Sleep-stage scoring is a rule-based art requiring an understanding of the basic mechanisms underlying the generation of cephalic electric potentials. Signals of interest are generated from the brain (ie, cortex and deeper structures) and the facial muscles (ie, signals picked up by periorbital and electromyographic [EMG] leads).
Interference with the signals of interest is encountered through many mechanisms, including physiological attenuation of the cerebral electric potentials by scalp muscle and bone; intrusion into the signal by slow cyclic respiration, movement, ECG signal, or external electric fields; and impaired contacts between the recording electrodes and the skin surface. Discriminating true signal from artifact can be one of the most challenging aspects of scoring the stages of sleep.
At a paper speed of 10 mm/s, 1 page equates to 30 seconds and is defined as 1 epoch. Computerized polysomnography usually displays one video screen as one 30-second epoch.
The electroencephalography (EEG) signal is of primary importance in interpreting polysomnographic studies. It records electric potentials generated by the interaction between the cortex and the deeper brain structures, especially the thalamus. Two centrocephalic and 2 occipital cortical channels are recorded. Measurement of EEG signals is possible because of the relative difference in potential between the 2 recording electrodes; 1 electrode is considered negative with respect to the other. Negative discharges, by convention, are represented by an upwardly deflecting wave.
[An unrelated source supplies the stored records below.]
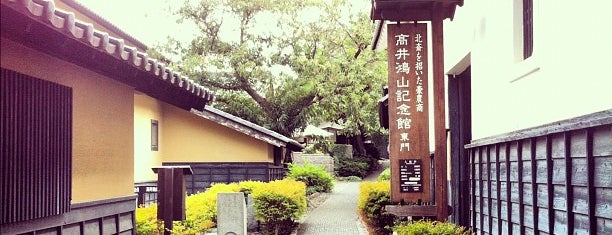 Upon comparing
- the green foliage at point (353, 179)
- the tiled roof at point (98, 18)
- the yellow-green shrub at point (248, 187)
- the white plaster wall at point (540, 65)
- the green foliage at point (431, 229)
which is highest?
the tiled roof at point (98, 18)

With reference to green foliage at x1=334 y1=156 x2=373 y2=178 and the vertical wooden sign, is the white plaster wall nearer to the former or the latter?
the vertical wooden sign

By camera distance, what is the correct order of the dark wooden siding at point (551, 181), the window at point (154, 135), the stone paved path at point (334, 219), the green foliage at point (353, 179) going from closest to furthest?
the dark wooden siding at point (551, 181), the stone paved path at point (334, 219), the window at point (154, 135), the green foliage at point (353, 179)

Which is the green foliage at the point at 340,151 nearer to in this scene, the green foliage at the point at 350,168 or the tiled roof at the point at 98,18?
the green foliage at the point at 350,168

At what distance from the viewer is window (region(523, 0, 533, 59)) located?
9805mm

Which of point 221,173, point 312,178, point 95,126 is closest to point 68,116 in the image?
point 95,126

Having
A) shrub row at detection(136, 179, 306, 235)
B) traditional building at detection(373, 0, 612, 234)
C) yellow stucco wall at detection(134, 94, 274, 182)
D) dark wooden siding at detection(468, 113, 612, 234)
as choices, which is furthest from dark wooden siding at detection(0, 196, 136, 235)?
yellow stucco wall at detection(134, 94, 274, 182)

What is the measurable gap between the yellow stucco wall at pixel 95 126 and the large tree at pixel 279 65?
64.1ft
The polysomnograph references the left and right centrocephalic electrodes (C3, C4) or the left and right occipital electrodes (O1, O4) to electrodes on the opposite right and left ears (A2, A1). The general rule is to read only from the left cortical channel. However, when the left channel develops artifact or the validity of the signalissuspected, comparison is made with the right cortical channel. By convention in the United States, the left channels are odd numbers and the right channels are even numbers. By convention in the United Kingdom, the opposite is true, with the left channels described by even numbers.
Cortical signals are defined slightly differently according to the reference used. The following convention is used here:
- Delta is the slowest activity at less than 4 counts per second (cps).
- Theta is between 4 and 8 cps.
- Alpha is between 8 and 14 cps.
- Beta is greater than 14 cps.
- Another range occasionally mentioned is gamma, which is part of the high end of the beta frequency and has been described to range from 30-45 cps.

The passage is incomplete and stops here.